Diedre Carmo, Marcos Piau, Israel Campiotti, Rodrigo Nogueira, Roberto Lotufo

Introduction

Pretrained language models have been employed successfully in various NLP tasks . Recent works demonstrate that monolingual pretrained models perform better on tasks in that same language than models pretrained on multilingual corpora .

For Portuguese tasks, BERT models have already shown improved performance when pretrained on a Portuguese corpus . One of the motivations to perform a similar pretraining but using the T5 model is its capability to generate text. Thus, it can perform tasks that a BERT model cannot, such as summarization, abstractive question answering, and translation.

In this work, we improve the original T5 model on Portuguese language tasks by pretraining it on BrWac , a large corpus of web pages in Brazilian Portuguese. We call this model PTT5. We validate our pretraining on Portuguese tasks of sentence entailment prediction and named entity recognition, and show that monolingual pretraining significantly improves the model’s performance.

Data

We use three Brazilian Portuguese datasets: BrWac for pretraining, and ASSIN 2 and HAREM for fine-tuning and evaluating our pretrained models.

The BrWac corpus was built after crawling more than 60 million web pages, filtered down to 3.5 million pages after applying quality control filters, resulting in a dataset with 2.7 billion tokens.

We construct input examples for the pretraining task by concatenating sentences until we reach 512 words. If the last sentence does not fit in the 512 words, we move it to the next example, i.e., we do not split sentences. Any sentence larger than 512 words, which is rare, is truncated to 512 words and added as a separate input example, truncated to 512 words. We use the ftfy library to fix encoding problems. The resulting dataset has 15.6 GB of text and a mean of 360 words per document, as shown in Table 1. We use Python’s split function to count words.

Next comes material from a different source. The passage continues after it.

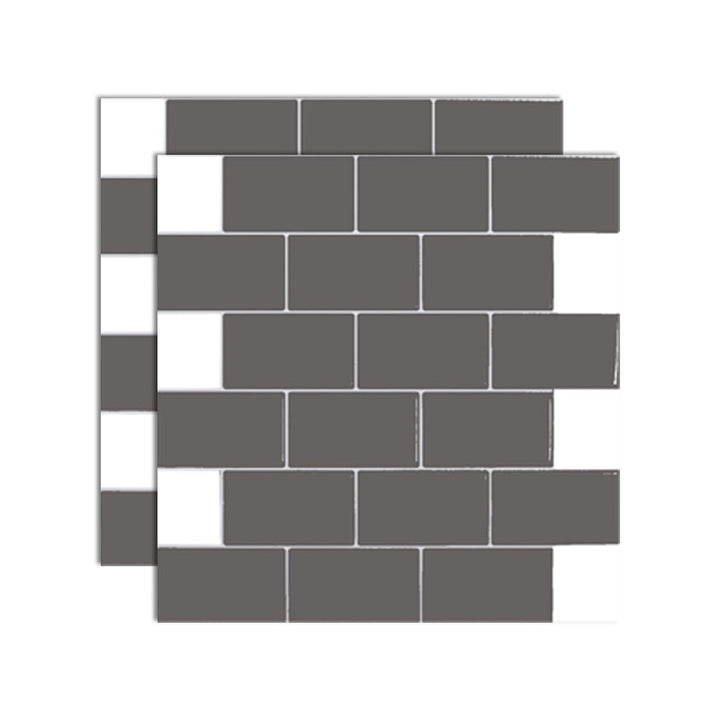 Lisslune | Square Peel-and-Stick Tiles Plastic Indoor Peel & Stick Subway Tile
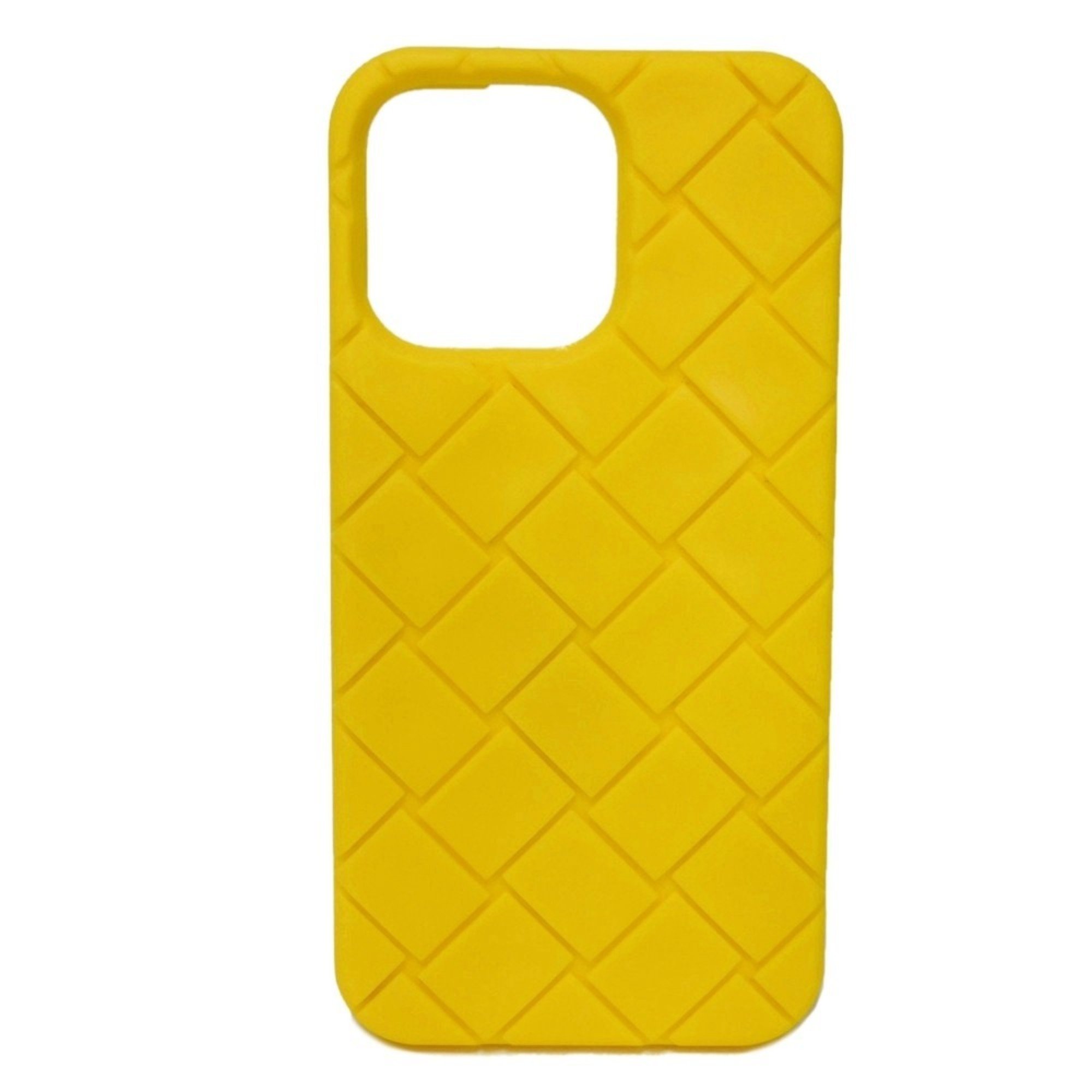 Bottega Veneta Tech Rubber Smartphone Case iPhone 14 Pro Yellow Maxi Intrecciato Lemon 733842 V0EY0 7218 Men's Women's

These input examples go through a tokenizer that can vary from using the original T5 vocabulary or our custom Portuguese vocabulary (Section 3.1).

2 ASSIN 2

ASSIN 2 consists of two Portuguese tasks: semantic similarity and entailment prediction. In the semantic similarity task, given a pair of sentences, a model has to predict a number between 1 and 5, representing how semantically close the two sentences are. The entailment prediction task consists of classifying if one sentence implies the other. It is thus a binary classification task whose classes are “entail” or “none”. The dataset consists of short sentence pairs, with 6500 pairs for training, 500 for validation, and 2448 for testing.

3 HAREM

HAREM is a collection of two Portuguese datasets for Named Entity Recognition (NER). The first dataset, called First HAREM, consists of 129 documents with a total of 4151 entities on the selective scenario and 5017 for the total scenario. Those two scenarios differs only on the quantity of annotated classes. The total scenario contains 10 classes (Location, Person, Organization, Value, Date, Title, Thing, Event, Abstraction and Other), while the selective scenario contains 5 classes (Person, Organization, Location, Value and Date). The second dataset, called MiniHAREM, is composed of 128 documents, 3642 and 3018 entities for the total and selective scenarios, respectively. In this work, we focus only on the selective scenario. We separate 7 percent of the First HAREMs documents for validation and the remaining for training. All MiniHAREM is used as a test set. We refer the reader to the original paper for more information .

Methodology

We now describe our methodology, including creating the custom Portuguese vocabulary, unsupervised pretraining, and fine-tuning and evaluation on ASSIN 2 and HAREM.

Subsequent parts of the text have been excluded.